Tears Mix With Rain As The Green Machine Loses Three Big Wheels
Sydney Morning Herald
Monday July 10, 2000
Laurie Daley, David Furner and Brett Mullins bid the Canberra faithful farewell yesterday with a 40-12 win over Sydney. Roy Masters reports.
ONE man, one club, one result. It wasn't a football match yesterday at Bruce Stadium; it was Laurie Daley day.
A rainbow appeared as Daley and teammates Brett Mullins and David Furner began their last lap of their home ground after careers which date back to 1987.
Romantics and amateur meteorologists alike said they had never seen such a rainbow, which straddled the field to make a colourful backdrop for Daley, who will retire from football at the end of the season, and Mullins and Furner, who will resume their careers in England.
Daley played like a man willing to die for his emperor in his club's humiliation of the Sydney Roosters.
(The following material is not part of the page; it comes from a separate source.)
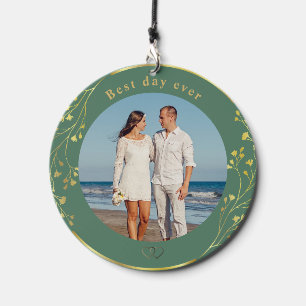 Best Day Ever Elegant Wedding Personalized Photo Wind Chime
He said afterwards: ``I felt invincible out there today. I felt I could do nothing wrong."
It was a day for record breaking and quirky combinations of try scorers, almost as if the points, like the weather, had been ordained.
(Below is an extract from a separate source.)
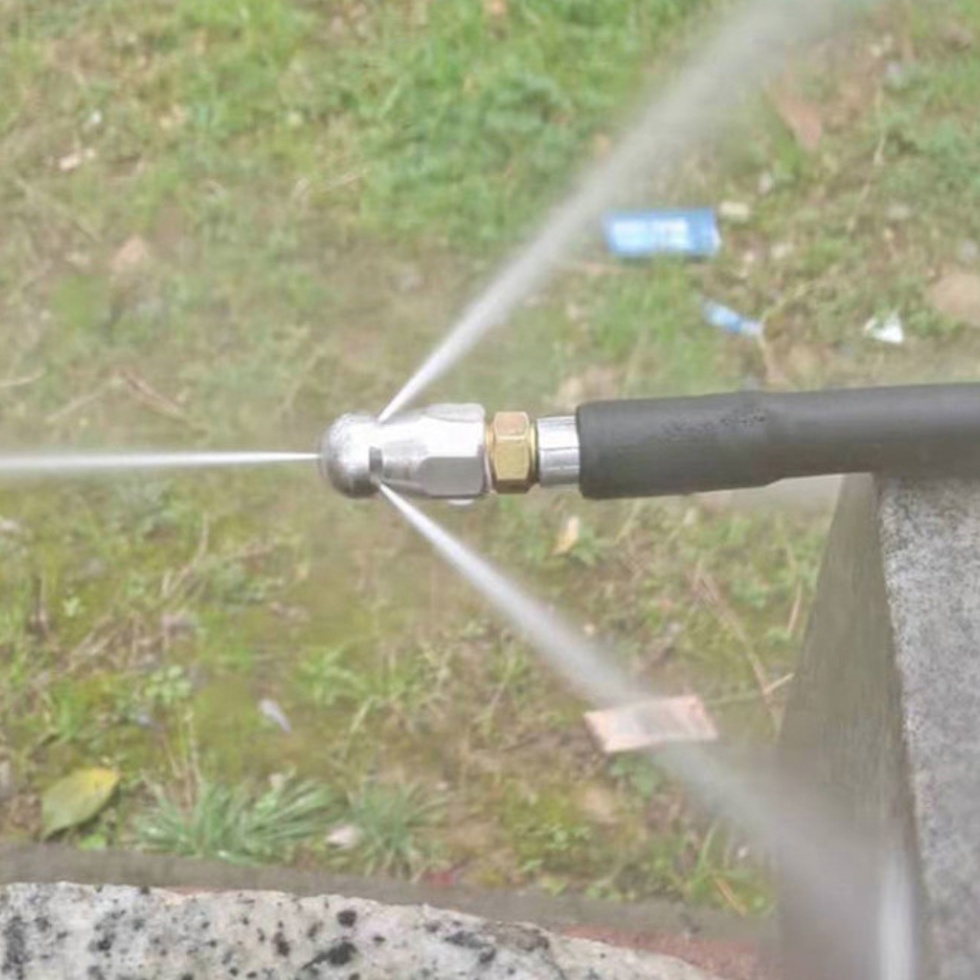 Sewer cleaning nozzle high pressure metal stainless steel recoil type pipe dredging sewer tube inner wall wash spray — изображение 5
Daley said: ``When I woke up this morning, I hoped it wouldn't rain and it was a fairytale for me the way it ended."
When Furner kicked his 500th goal for the club on half-time to give the Raiders a 14-8 lead, it was dry. Midway through the second half, with black clouds brooding, even the scoring turned surreal.
The score raced to 24-8 after two tries which involved the same three players in the same positions on the same part of the field.
The first came when Daley ignited a movement to his left and passed to Mullins, who had to juggle the difficult ball while held by three players. Yet he released it while falling and Jason Croker scored. Five minutes later, Daley ran with the football in his characteristic way of carrying it in front of his body, passed it on to Mullins, who tapped it to Croker, who carried four players over the line with him.
Daley and Croker are very close, a word which could also be used to describe the conversion attempts by Furner, a man who clearly did not want to be left out of this strange little piece of history.
His conversion attempt of the first try was successful but his second hit the upright.
Further tries to winger Jamaal Lolesi and Mullins followed and, when Sydney winger Anthony Minichiello scored, the sky began weeping rain. Minichiello's try, in the 70th minute, was the first time the Roosters had scored since the 17th minute, when they led 8-0.
Daley said: ``When we were behind 8-0, I didn't worry. I just knew the boys were switched on."
Daley the warrior admitted he turned weeper just before kick-off.
``When I went to speak to the boys before running out, I started crying," he said.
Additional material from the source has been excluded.